The first steps of the “French cancan” date back to the 1830s, before it was called “cancan”. It was a wild (understand athletic) version of an older dance, the Quadrille, and was danced in the Latin Quarter’s balls by the students and their female companions. That form of dance really took off after being featured in Jacque Offenbach’s very popular operetta Orpheé aux Enfers (Orpheus in the Underworld), in 1858. The wild steps, this time set to Offenbach’s exhilarating music (a gallop in the score), were a winning combination and gained instantly international popularity. The genius of Zidler, the manager of the Moulin Rouge, was to see a potential money-making (show) business in the acrobatics of unruly flower girls, laundresses, maids, and the likes who were going wild in the dance halls of the time. He hired them and organized them into a true corps of professional dancers.

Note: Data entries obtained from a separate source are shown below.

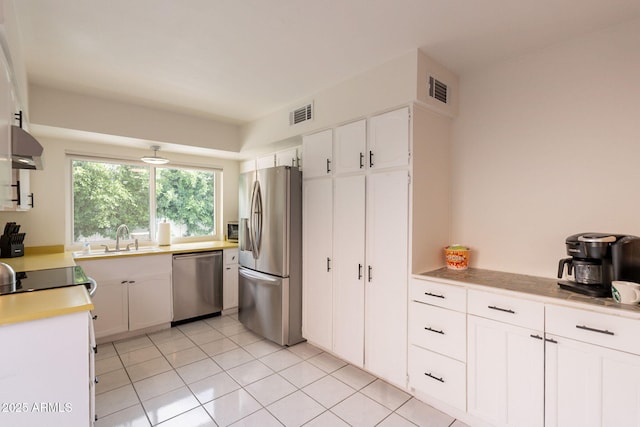 kitchen featuring appliances with stainless steel finishes, a sink, white cabinets, light countertops, and light tile patterned floors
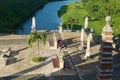 Tourists sit at the square in Altos de Chavon village in La Romana, Dominican Republic. Royalty Free Stock Photo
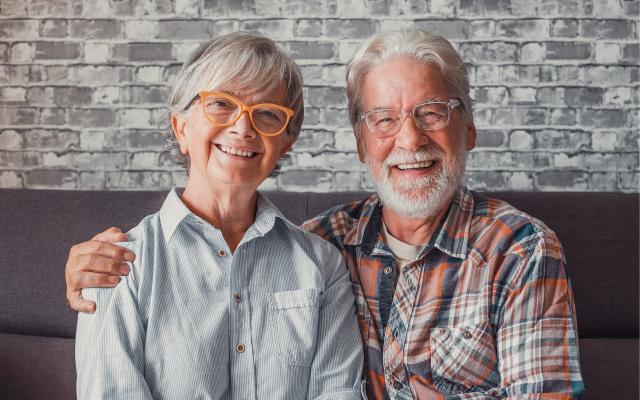 A couple sitting side-by-side, both wearing eyeglasses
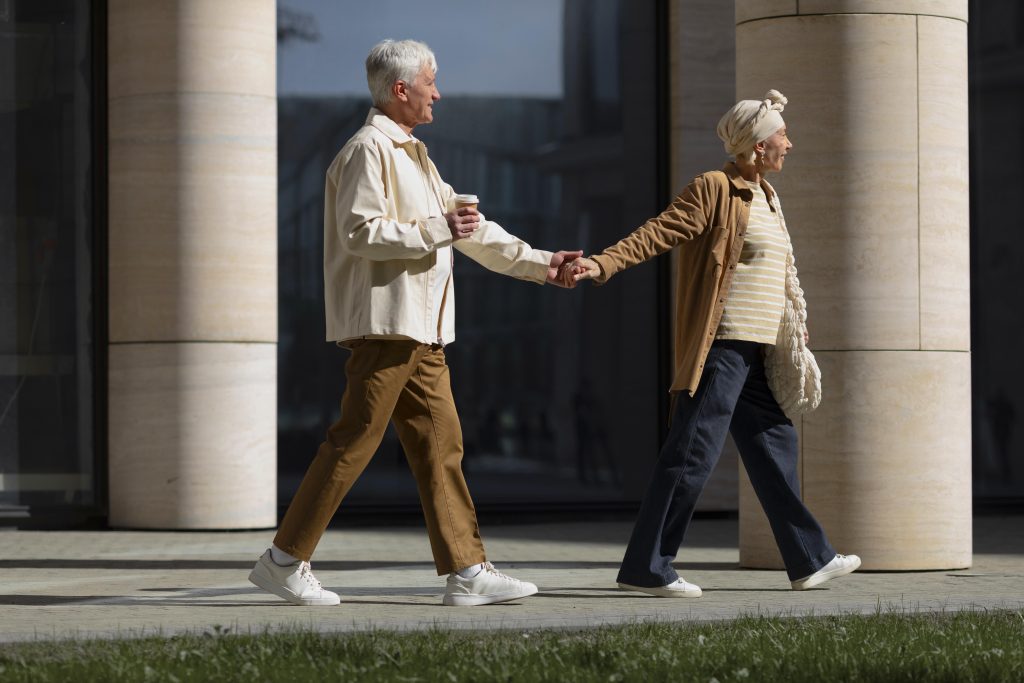 Casal de idosos caminhando de mãos dadas, simbolizando mobilidade segura, autonomia e prevenção de quedas na velhice.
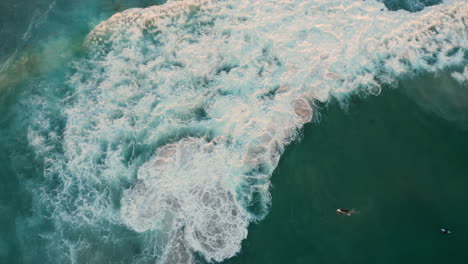 Una-Vista-Desde-Arriba-De-Los-Surfistas-En-El-Océano-En-Llandudno,-Ciudad-Del-Cabo,-Sudáfrica---Vista-Aérea-De-Arriba-Hacia-Abajo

With their revealing high kicks, frenzied spins, dramatic final splits, and lavish displays of frothy underwear, La Goulue (Glutton), Nini Patte-en-l’air (High-hoofing-Nini), Torpille (Torpedo) and their colleagues quickly turned the ailing Moulin Rouge nightclub into the “rendez-vous du (night) high-life”, capturing the fancy of the rich night owls.

This is how the 1898 “Guide des Plaisirs à Paris” describes the cancan: “a host of young girls who are there to demonstrate the heavenly Parisian Chahut dance as its traditional reputation demands…with a physical elasticity as they do the splits, which promises just as much flexibility in their morals.”